In neighboring Rockingham County Public Schools, Obe Hostetter ’00 has a slightly different role as an instructional technology resource teacher. Though he also gets involved in technological troubleshooting, he visits all the division’s 24 schools to train teachers on how to better use technology in their classrooms, and sometimes co-teaches technology-enhanced lessons with them. A recent example: teaching a kindergarten class how to scan QR codes with iPads.
“I enjoy the teaching part, seeing the kids getting excited [about technology],” said Hostetter, who spent his first five years after college teaching elementary and middle school before going down the technology path.
One of the tricky technology-related issues that comes up in school settings is the fact that after Hostetter’s lesson on QR codes, those kindergartners may well be more adept at using them than many of their teachers.
“They’re not as comfortable, because they have not grown up with it,” says Shoemaker, of teachers who began their careers before computers had so thoroughly infiltrated education.
While younger teachers, as a rule, don’t tend to be as intimidated by technology, there’s a flipside. Doug Moyer ’91, a systems technician for the Warren County (Virginia) Public Schools, tells of a young teacher whose Smart Board went out of service and was thrown into a tizzy by the prospect of resorting to primitive substitutes like the markerboard.
Moyer and Shoemaker both spent some time in the business world before getting into school technology, and both say they enjoy the general lower-pressure school atmosphere. Computer emergencies happen both places, but the stress and aggravation just usually aren’t as great in education.
“It has its moments of intensity, but it’s not nearly as great, and I appreciate that part of it,” said Shoemaker.
Mike Stoltzfus ’98 also began his IT career in private business, beginning with CMDS (now Jenzabar; see story p. 15) after graduating with a computer information systems degree. He then spent several years handling IT for Harman Construction, a company that has worked on numerous projects at EMU over the years, including the ongoing renovations of the Suter Science Center. While he worked for Harman, Stoltzfus also ran his own web hosting business on the side. One of his clients was Eastern Mennonite School (EMS), which created a full-time IT position and hired Stoltzfus to fill it in 2008.

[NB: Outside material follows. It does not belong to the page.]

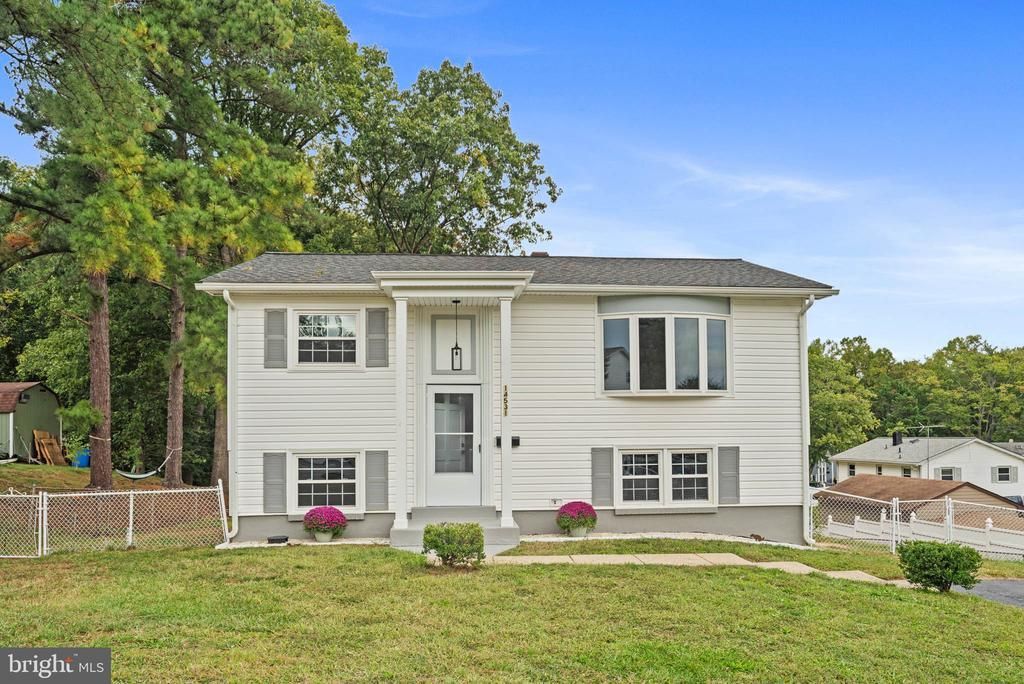 14531 Fullerton Road, Woodbridge, VA 22193 Main Photo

With just under 400 students in grades K-12, the school’s IT needs are modest enough that Stoltzfus handles most technology-related issues (Andrew Gascho ’09 assists him, and teaches digital communication classes at EMS). Those range from systems maintenance to troubleshooting to repairs to keeping up with the rapidly changing digital world by planning things like a Chromebook-for-every-student initiative that the school is exploring.
“That’s something that really attracts me about working at a place where there isn’t a huge technology infrastructure,” Stoltzfus said. “I can be involved in all those different things…. I enjoy seeing the whole picture.”

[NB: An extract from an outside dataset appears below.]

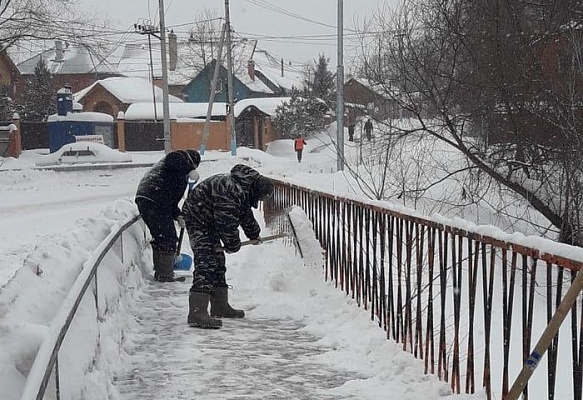 Коммунальные службы Сосенского ликвидируют последствия обильных снегопадов
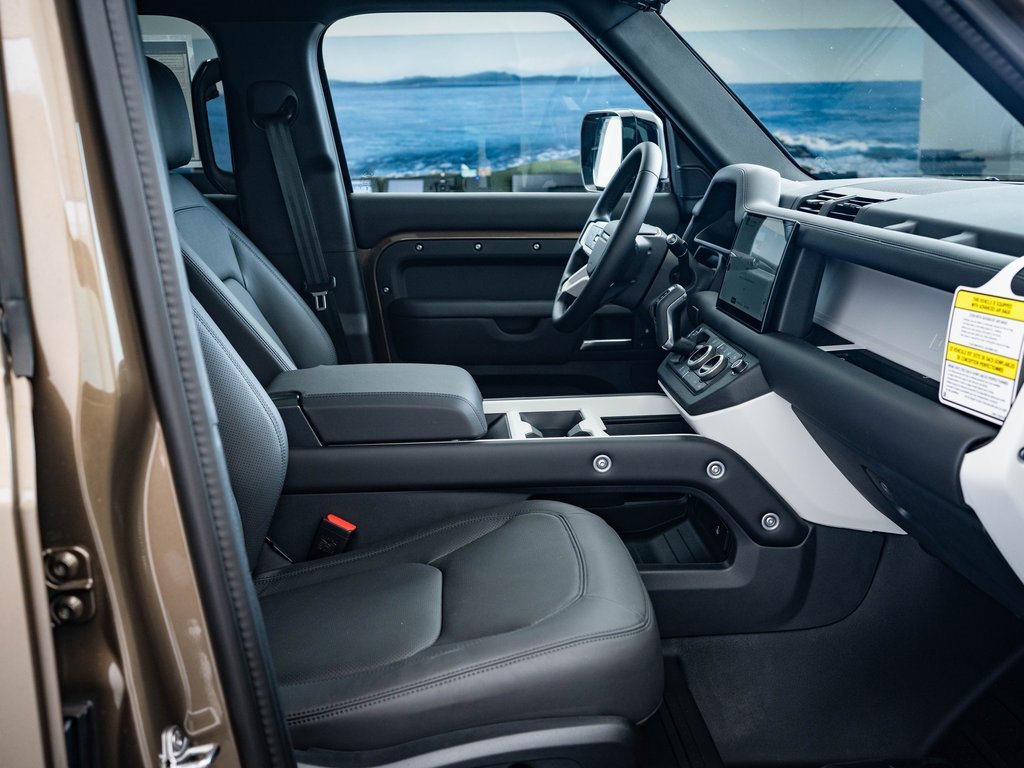 2025 Land Rover Defender 110 X-Dynamic SE photo 37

(Since starting at EMS, Stoltzfus’s job has expanded well beyond that whole IT picture; now the director of business affairs, he also oversees school finances and a few other operational matters.)
There’s never a time when there’s not something new to check out. With a relatively tight budget to be conscious of, for example, Stoltzfus has been exploring opportunities offered by open source software.

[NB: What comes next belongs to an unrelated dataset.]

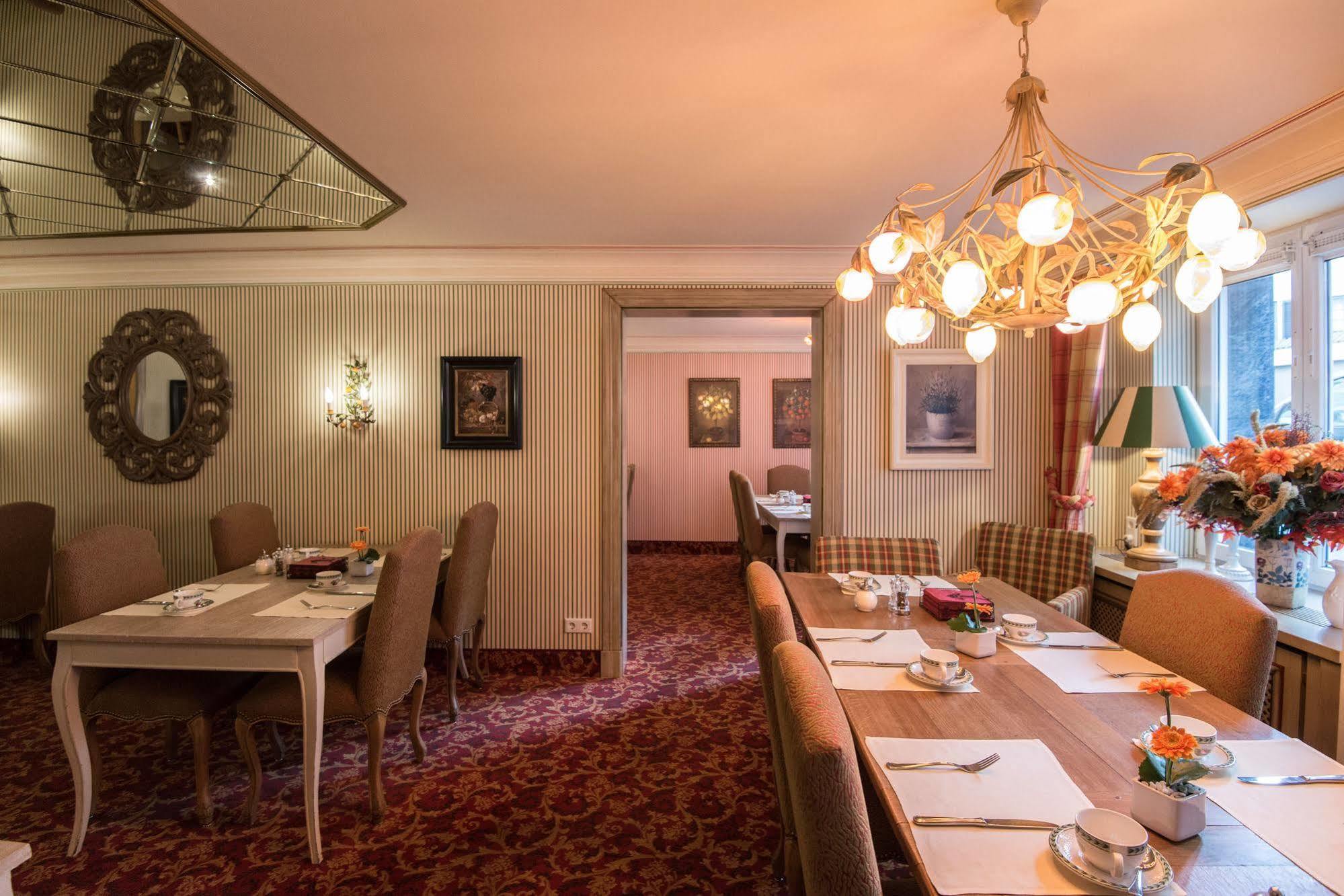 House Hotel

“I really enjoy learning new things. That’s one thing that I’ve always enjoyed about technology – it’s always changing,” said Stoltzfus, who majored in computer information systems. “As you learn about things, you realize more and more how much you don’t know.”
Like Stoltzfus, Jon Harder ’82 also works as a technology generalist for a small school system, handling “pretty much anything to do with technology” for Mountain Lake (Minnesota) Public Schools.
In addition to all the usual school troubleshooting and software updating, Harder has been able to put his programming background to good use as the schools’ technology coordinator. When a need was identified for a computer-based method for staff to reserve rooms or vehicles to use, Harder couldn’t find existing software that fit the bill. Instead, he created his own web-based application that’s now in use. It’s the kind of thing that’s kept the job interesting for the past 14 years (prior to which, he was a software engineer in the Twin Cities).
“I guess I’m a real problem solver,” he said. “It’s always fulfilling to run into new challenges and figure out how to do something.”
When Harder was at EMU, tinkering with the mainframe computer that used to be in the old Administration Building or the few really early Apples that belonged to the Psychology Department, he had no clue that computers were going to become such a thing. The Internet as it exists now wasn’t something anyone could conceive of.
That makes it hard to hazard a guess as to what sorts of technologies people like him will be troubleshooting in schools in decades to come. Fewer keyboards and more spoken commands, he suspects.
Hostetter concurs on the voice-interfacing thing. 3-D printers are coming, too. Maybe “wearables” like Google Glass will make their way into classrooms eventually. Whatever it is, it’s bound to be something that seems hard to imagine right now.
“It is pretty amazing what all we can do now that just a couple years ago wasn’t possible,” he said.